Mumbai: The markets may remain under pressure if the European crisis deepens, Munish Varma, head of global markets, India, Deutsche Bank AG, said in an interview. Edited excerpts:
How nervous is the market due to the European crisis?
In the last few weeks, we have seen significant risk aversion across all asset classes globally and people have moved out of stocks and even, in some cases, out of bonds into currencies. Euro is seeing lot of pressure, given what is happening with the sovereign situation. So nervousness in the markets (is there)...
Risk aversion: Munish Varma of Deutsche Bank AG, India.
What about risk aversion in emerging markets?
I think it has gathered pace in the last few days... In the initial days of the exposure on sovereigns or initial days of the attention on sovereign, that attention was largely focused on the Western world. But as people revaluate their asset allocation, as people revaluate the risk that they are running, people have started cutting back... In April, India on average has received $100 million (around Rs468 crore) of FIIs (foreign institutional investors) inflows daily and this month that average has actually been an outflow of $65-70 million daily. So clearly some money is being pulled out of stocks generally and some part of that pullout is happening in India as well.

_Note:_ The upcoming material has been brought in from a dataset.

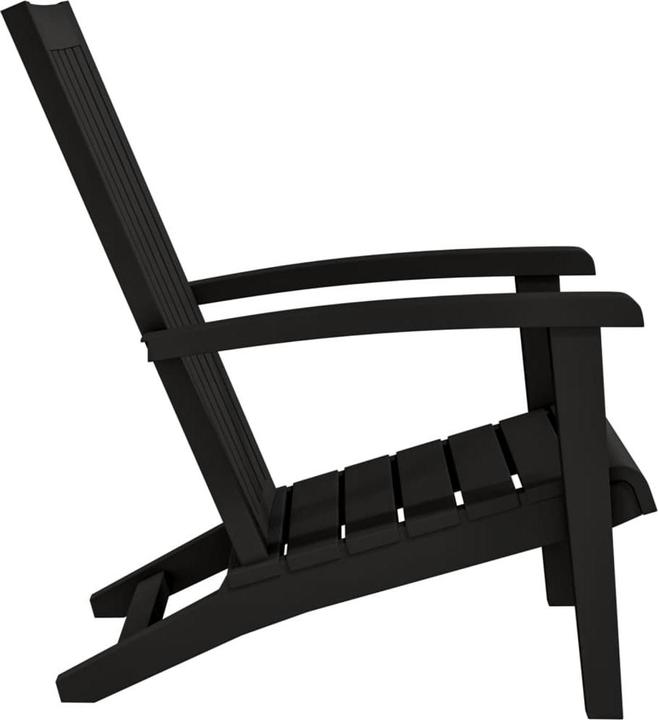 Produktbild vidaXL Adirondack Gartenstuhl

Do you see the outflow gathering momentum?
As long as there is no resolution to this crisis—and I think there that will be a while before this settles down—this could well accelerate. That is, if not accelerate, this world could actually stay on its current trend as to people pulling money out because people want to see some progress in Europe in terms of a fiscal deficits that are there.
Till we start seeing some tangible signs of progress being made on that front, markets will be at risk.
India has corrected around 5-6% from the top. Do you think it could correct even more?
It is quite possible. This correction has happened, not because of something specific to India, but largely happened as a result of what is happening globally. And to the extent the issues that we have in Europe are not resolved soon and that global risk aversion continues, you could continue to see Indian market under pressure. That means, it is possible that Indian market comes off another 3-4%...
Do you still expect the Sensex to touch 22,000 this year?
As of now we are holding it, but potentially we could revise the target if this global crisis or this contagion effect drags on.. If you look at India domestically, even though there are global risk issues, there is risk aversion, there is a contagion risk arising, but the domestic plays and the domestic stories in India are quite resilient and actually have been performing quite well.